I can't tell if the waveforms are changing in time or whether my scope is doing something weird.

You want photos of the assembly? If it helps. Here they are

Can anyone build this simple circuit and see if you get the same results please ?

GIGO.

It might be possible, but why would anyone want to recreate a non-functional rat's nest?
At this point, I have two suggestions for you: 1. Post a schematic and 2. go to http://www.linear.com/designtools/software/ ,download the LTspice simulator of your choice, and learn how to use it. There's a learning curve involved, but it's well worth it.

 

The photo shows decoupling capacitors close to each device (good) and very long power and ground leads to each device (bad), two things not known before.

There are five ICs with no indication of which one is the 4040 or what the other chips are, so even if the photo had enough information to copy the circuit (it does not), it is not possible to replicate it.

Ringing, ground bounce, and other digital waveform distortions are not rare, they are the norm. Clean signals are rare, but approachable with a pc board and power planes. Your signals look fine for a protoboard. Keep in mind that nanoseconds-rate edges have harmonics into the GHz, where 2" of wire is a measureable inductance and a frequency-dependent phase shifter.

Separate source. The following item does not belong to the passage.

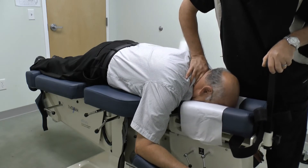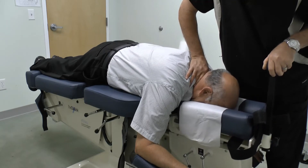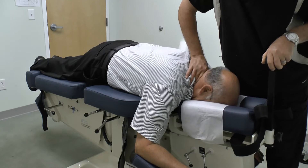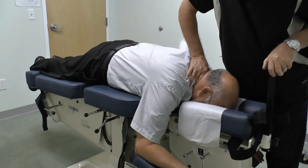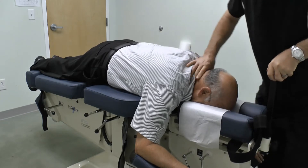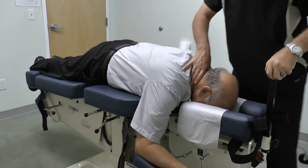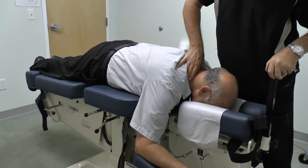Gentle extension, and following the extension we'll finish up with rotation under long y-axis distraction.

I've been doing this since the 70's, and there are people on this forum that make me look young. Replace all power and ground connections from the chips to the busses with 1" cut resistor leads bent into tight little U shapes. Add a straight-up resistor lead at each chip ground pin for the scope probe. Post a photo of the scope probe.

Schematic?

ak

 

74HC devices are relatively high speed logic and likely don't work well on a high stray-capacitance plug-in breadboard with such a rat's nest of long leads. To me it's not surprising that it doesn't work properly.
You might try using the slower CD4000 (CD4040 and CD4008) series devices and see if that helps.

But you likely need a cleaner layout with minimum length leads.
Even that can be problematic using a plug in type breadboard with its high stray capacitances.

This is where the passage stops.